Keeping You a Secret
Julie Anne Peters, Little Brown, 256pp, 978 0 3160 0985 0, £4.99 pbk
Family support is the last thing that student council president Holland receives in Keeping You a Secret. Transfer student Cece is out and proud, and soon makes Holland realize that her feelings for boyfriend Seth are not ‘the real thing’. Holland begins a relationship with Cece, but it is Cece who urges her to keep their relationship a secret, even after Seth outs Holland to her family and they reject her. Holland is able to live independently and find a college course that really suits her with support from the LGBT community, though, and finally understands that Cece is simply scared of losing her.
10 Always Mackenzie
Kate Constable, Allen & Unwin, 192pp, 978 1 7423 7766 7, £5.99 pbk
Last but by no means least, Always Mackenzie is another Australian coming-out story.

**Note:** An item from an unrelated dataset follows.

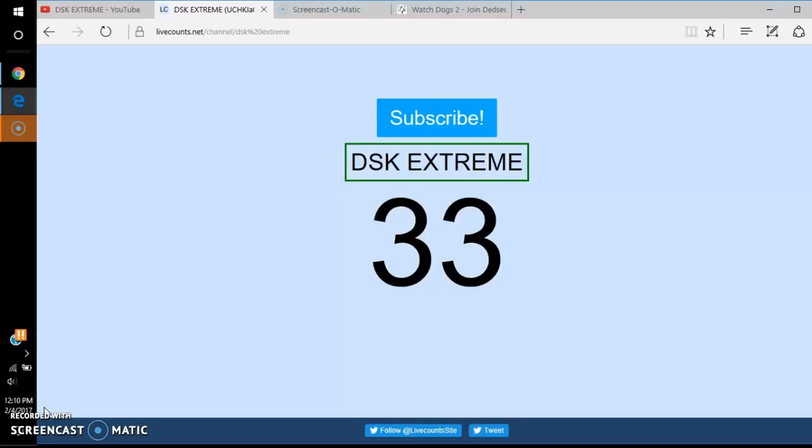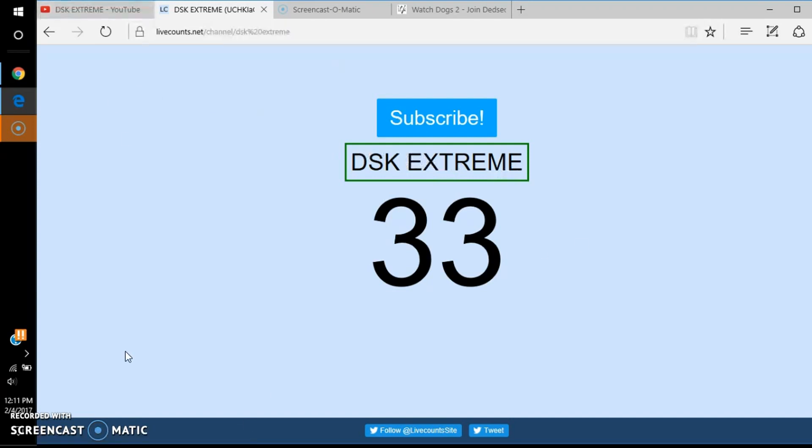Hey peoples, this is Josh and Jenna. Oh my god, I was about to say this is DSK Extreme. I'm so sad right now. Anyways, we're doing a shoutout on DSK Extreme. Subscribe, they only...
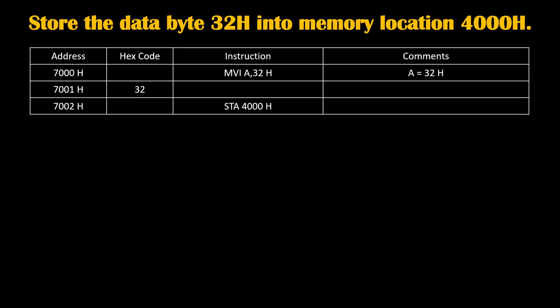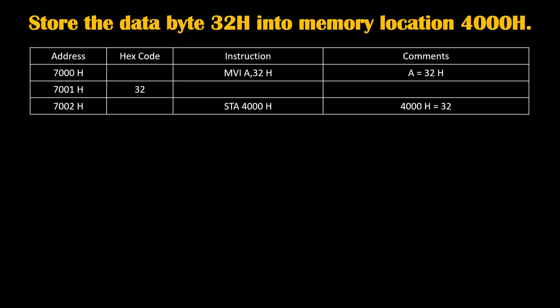Then on 7002H we will write instruction STA 4000H. STA stands for store accumulator. Whatever value of accumulator was there will get stored on 4000H. Before execution, our accumulator was 32H, so the value of accumulator will get transferred to 4000H. Therefore, 4000H will become 32H.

Jem and Mackenzie are in different friendship groups, but are thrown together when their school spends a term in a bush camp. Jem fails to grasp the fact that Mackenzie is attracted to her, and so once they return to Melbourne their friendship breaks down again in a series of misunderstandings. When Mackenzie is finally able to come out to her, though, Jem begins to consider that she may also be attracted to girls. Sensitively written and very readable.
Dr Ju Gosling is director of Bettany Press, a small press specializing in books about 20th century girls’ fiction (www.bettanypress.co.uk). She is also a Co-Chair of Regard, the national LGBT disabled people’s organization.